After locating the line that contains "Azzedine Alaia Vintage", output that line and each one following it, exactly, to the end of the entries. No pictures.

======== Provided entries

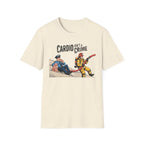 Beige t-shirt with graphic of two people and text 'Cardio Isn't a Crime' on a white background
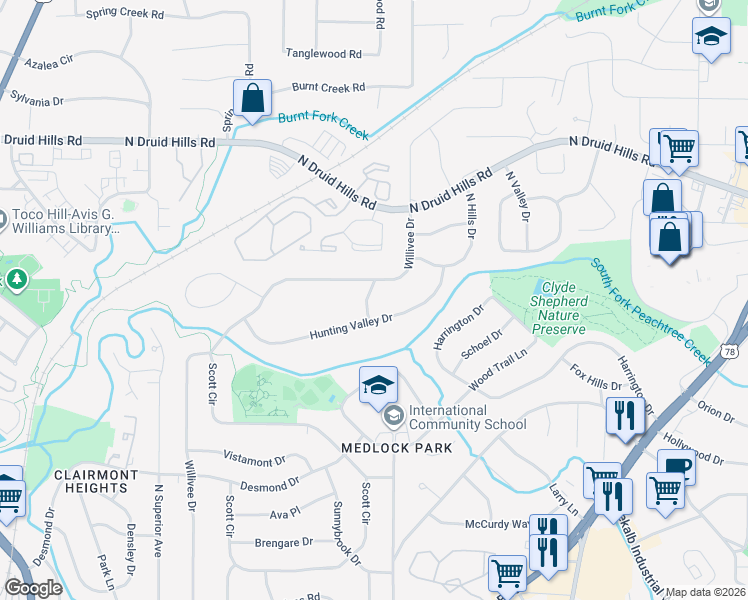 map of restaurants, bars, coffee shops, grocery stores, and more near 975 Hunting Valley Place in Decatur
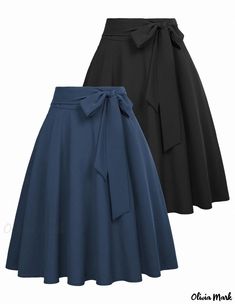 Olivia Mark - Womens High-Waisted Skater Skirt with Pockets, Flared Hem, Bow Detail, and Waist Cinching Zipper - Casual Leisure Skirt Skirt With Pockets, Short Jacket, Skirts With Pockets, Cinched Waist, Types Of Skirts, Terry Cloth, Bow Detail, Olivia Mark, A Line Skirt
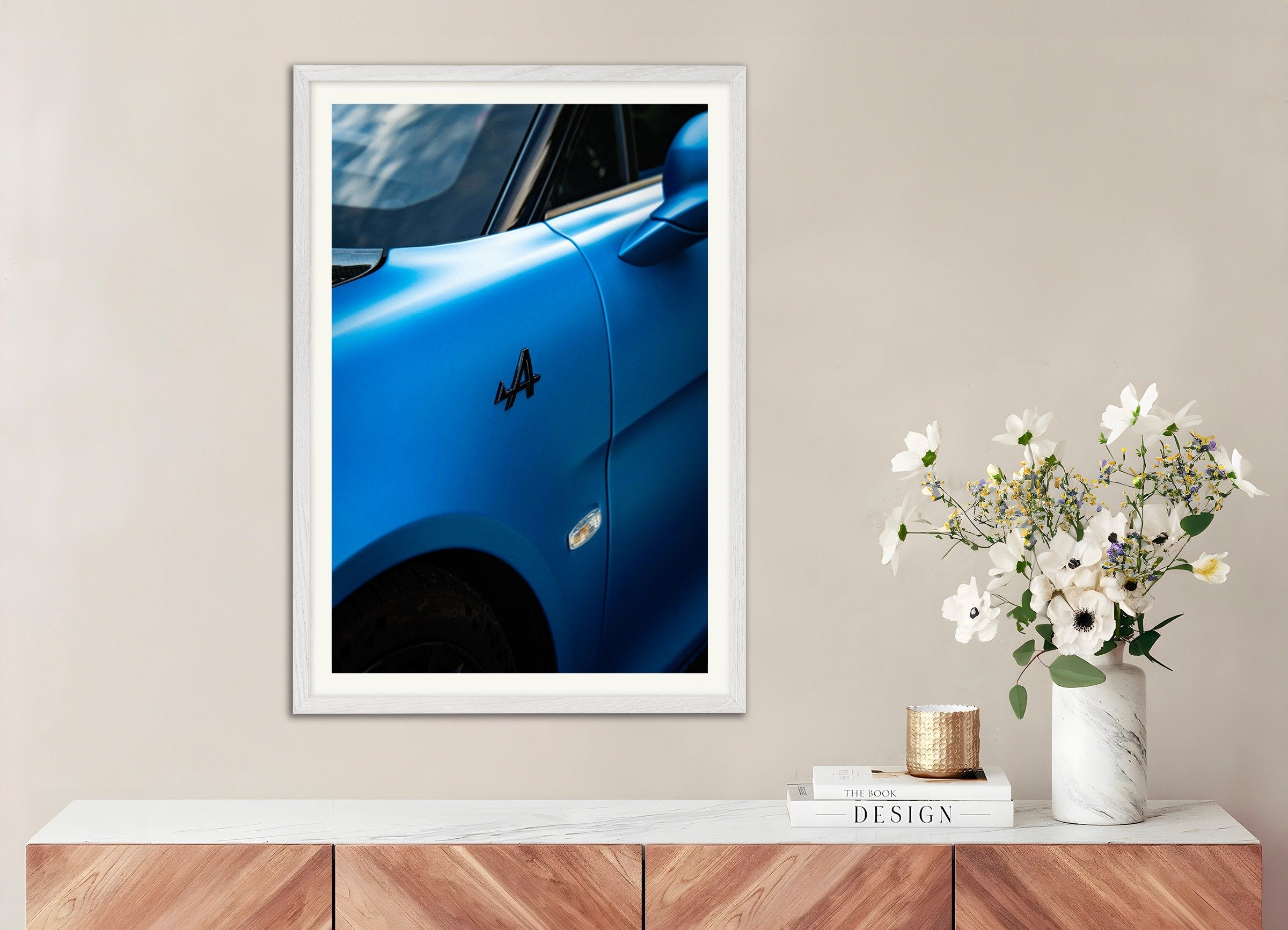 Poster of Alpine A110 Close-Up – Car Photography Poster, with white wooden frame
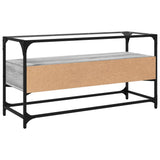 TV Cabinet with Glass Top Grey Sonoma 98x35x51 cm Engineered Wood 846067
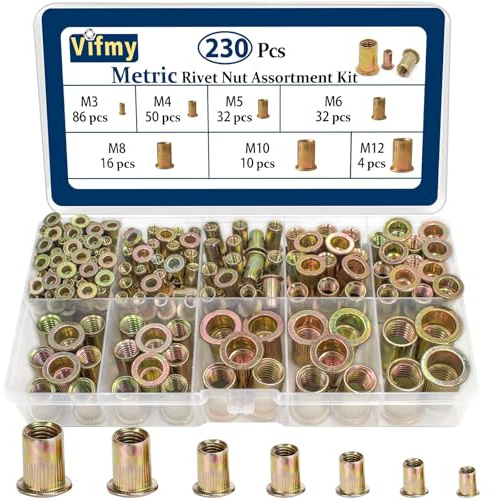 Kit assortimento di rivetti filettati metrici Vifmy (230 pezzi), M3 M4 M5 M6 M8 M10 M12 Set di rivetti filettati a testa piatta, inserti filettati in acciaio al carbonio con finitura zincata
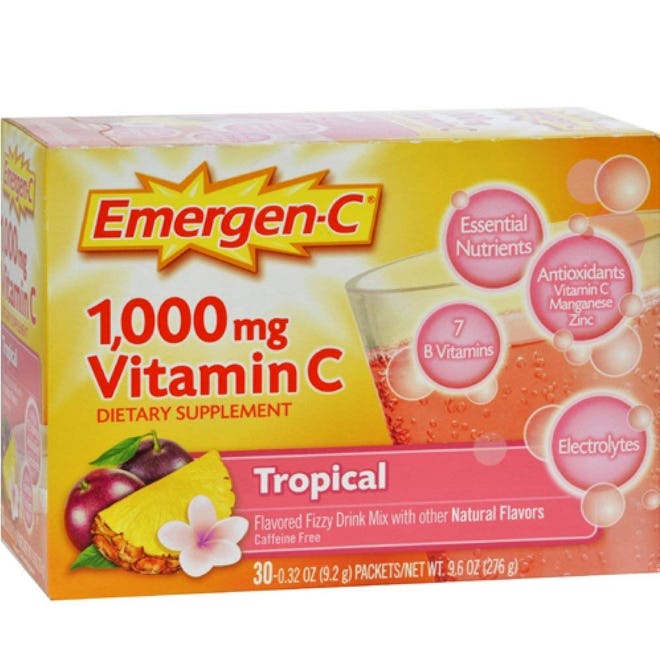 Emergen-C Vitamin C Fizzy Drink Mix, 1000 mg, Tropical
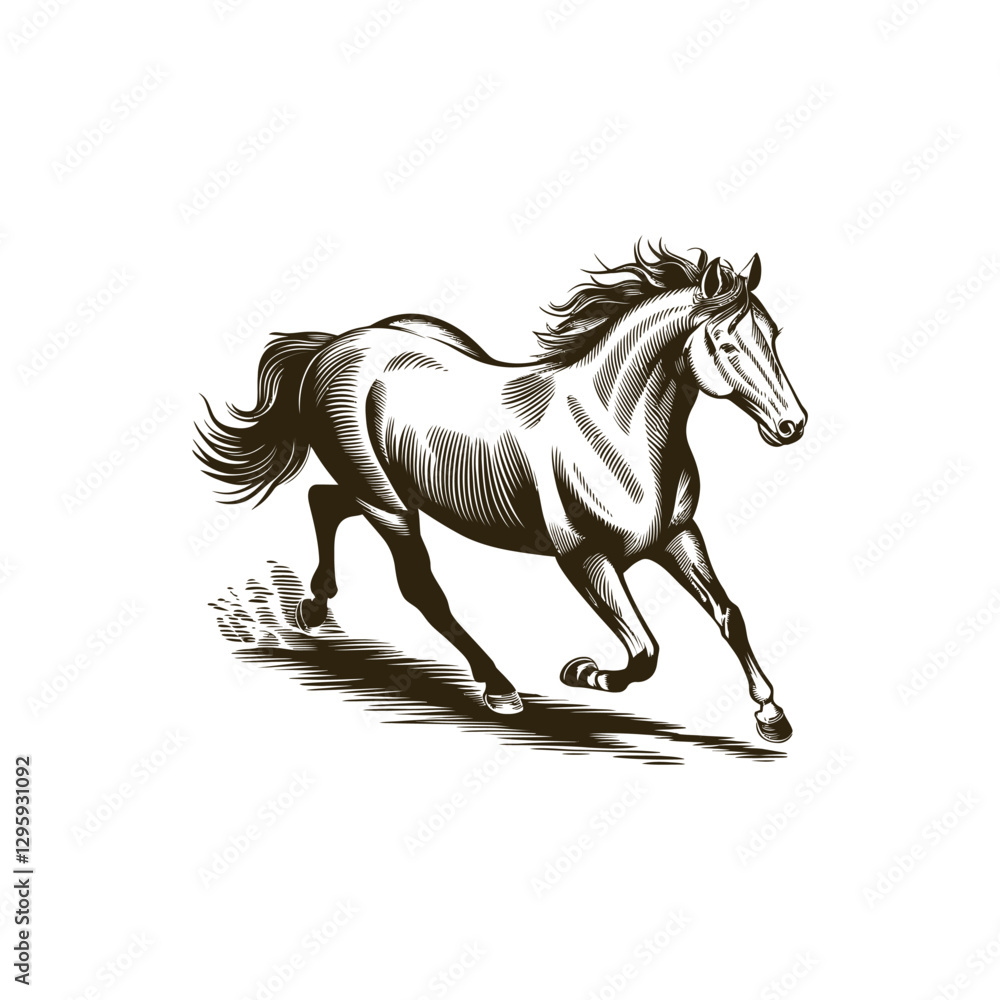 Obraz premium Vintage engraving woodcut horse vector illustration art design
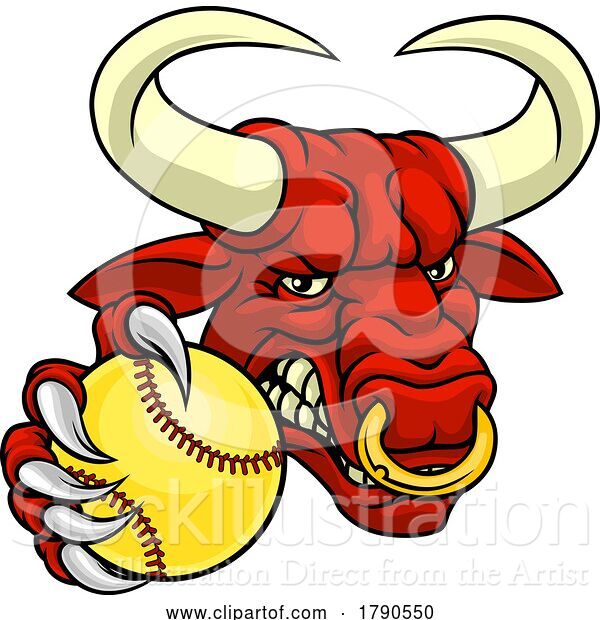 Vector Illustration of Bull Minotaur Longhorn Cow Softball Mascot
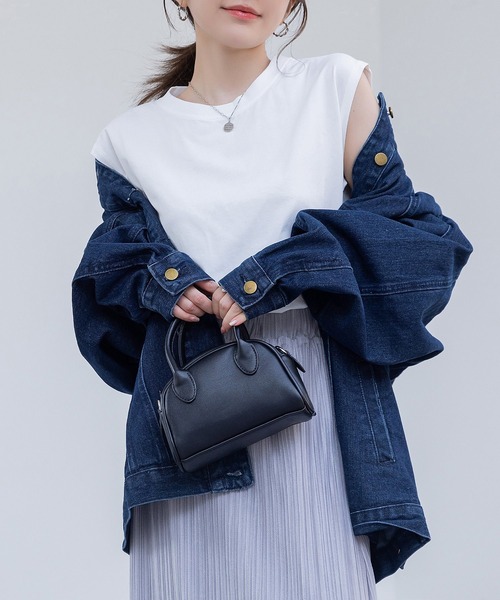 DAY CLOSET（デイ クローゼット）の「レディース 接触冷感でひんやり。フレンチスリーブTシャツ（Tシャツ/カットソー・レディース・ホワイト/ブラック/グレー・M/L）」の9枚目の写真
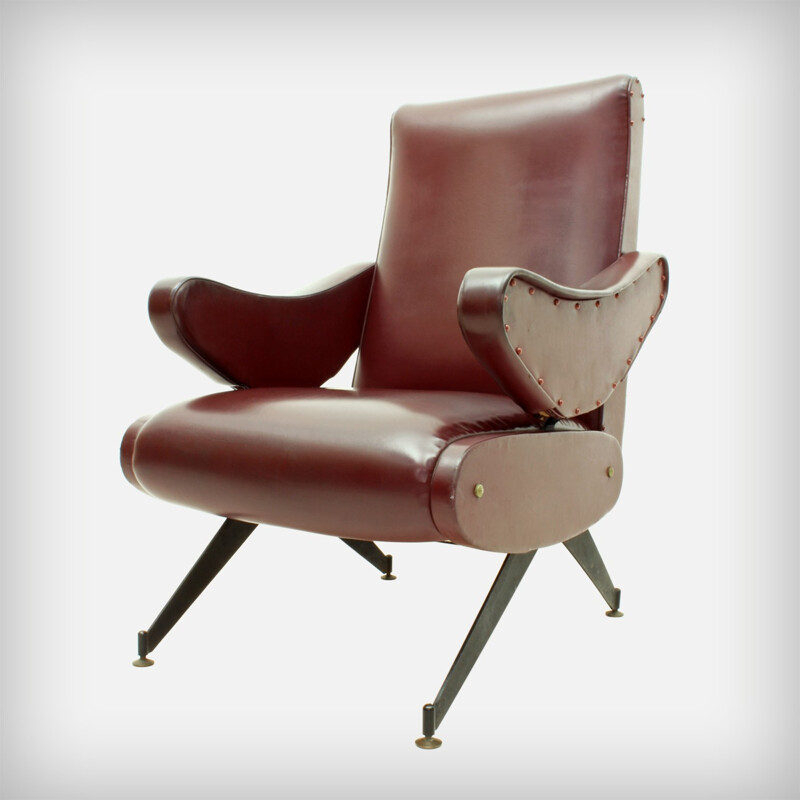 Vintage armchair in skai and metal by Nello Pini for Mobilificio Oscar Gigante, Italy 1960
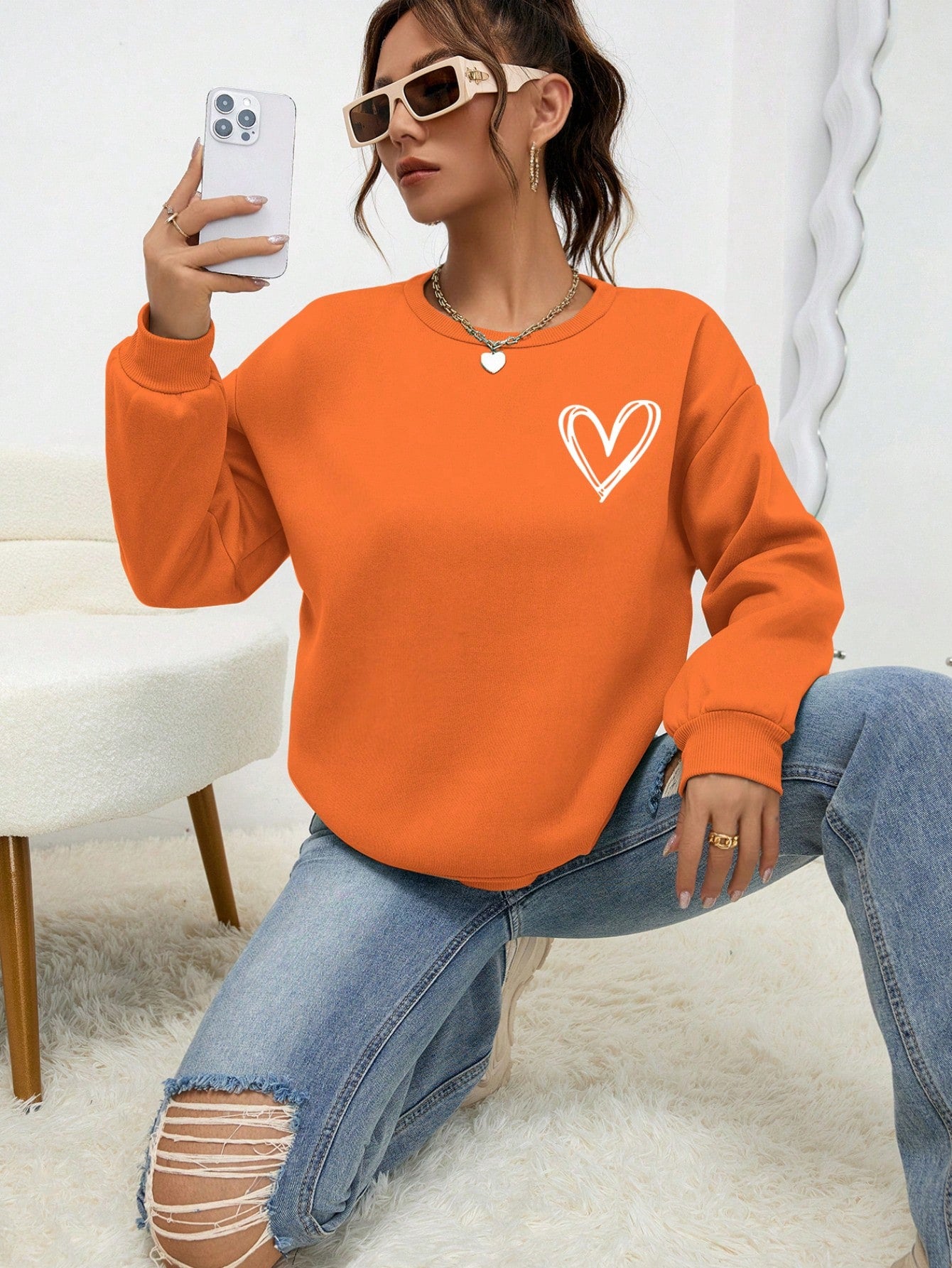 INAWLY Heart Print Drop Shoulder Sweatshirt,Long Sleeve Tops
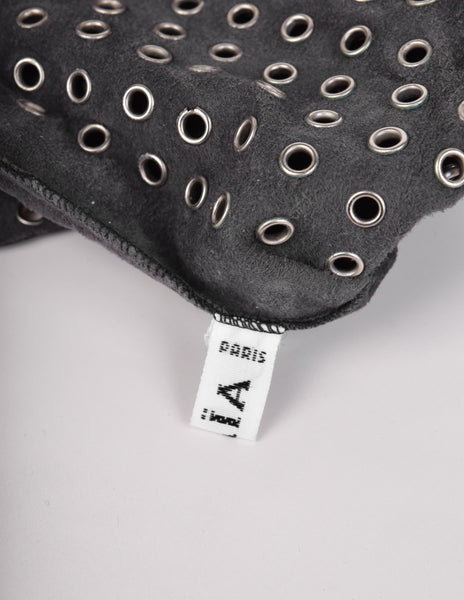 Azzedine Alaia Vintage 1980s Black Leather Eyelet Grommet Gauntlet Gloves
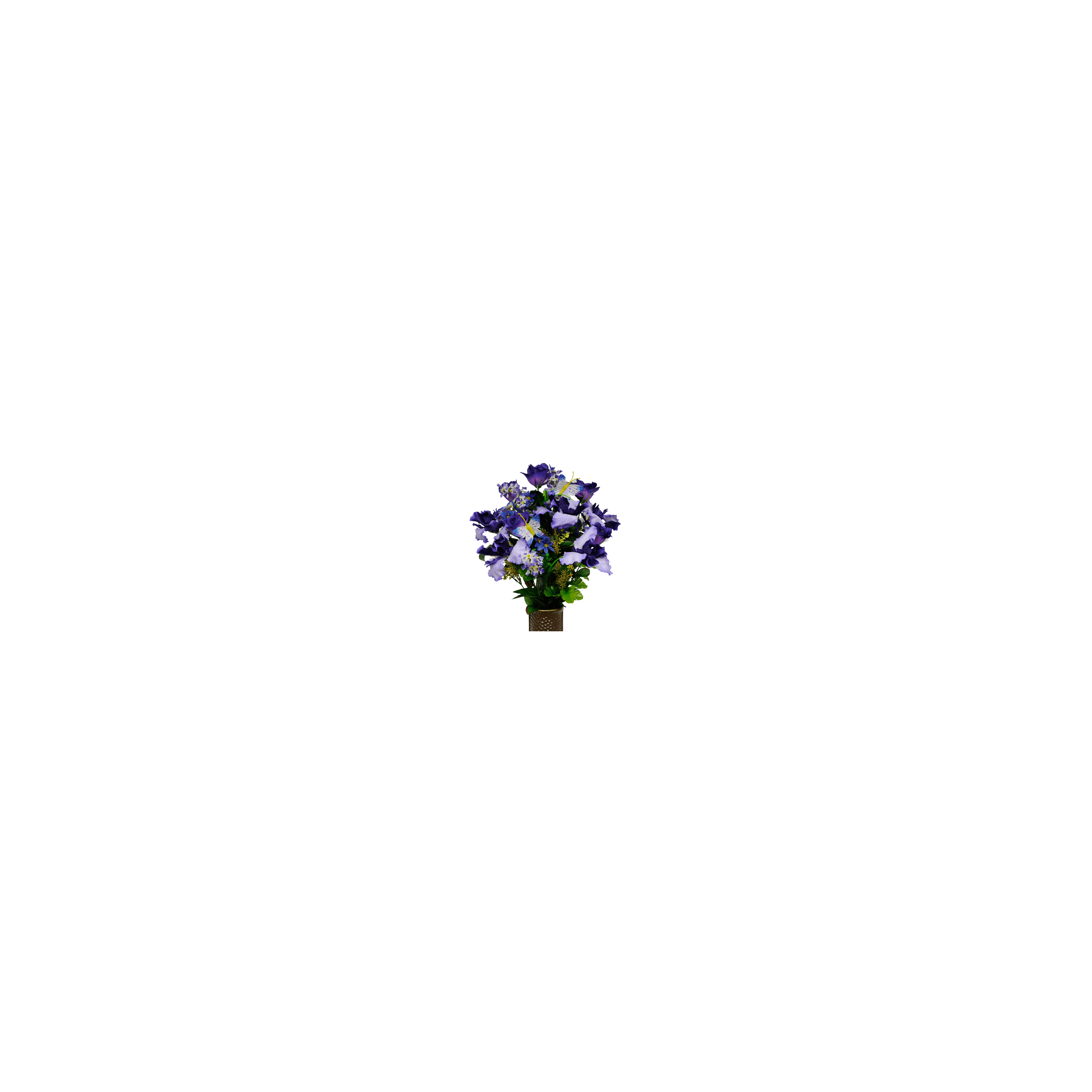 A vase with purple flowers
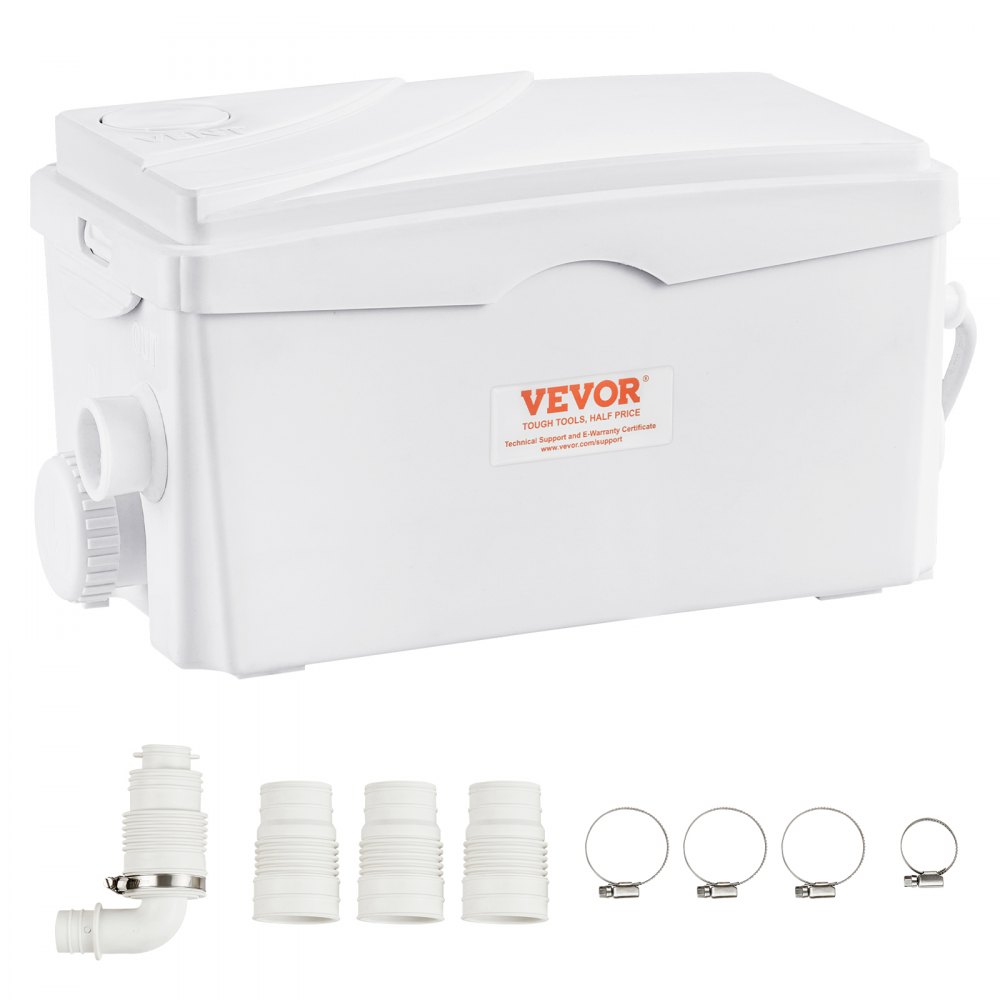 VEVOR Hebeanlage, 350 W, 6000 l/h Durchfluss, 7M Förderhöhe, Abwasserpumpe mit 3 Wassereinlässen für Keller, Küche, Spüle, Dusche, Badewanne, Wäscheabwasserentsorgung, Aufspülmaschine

================

Response to the exercise:
 Azzedine Alaia Vintage 1980s Black Leather Eyelet Grommet Gauntlet Gloves
 A vase with purple flowers
 VEVOR Hebeanlage, 350 W, 6000 l/h Durchfluss, 7M Förderhöhe, Abwasserpumpe mit 3 Wassereinlässen für Keller, Küche, Spüle, Dusche, Badewanne, Wäscheabwasserentsorgung, Aufspülmaschine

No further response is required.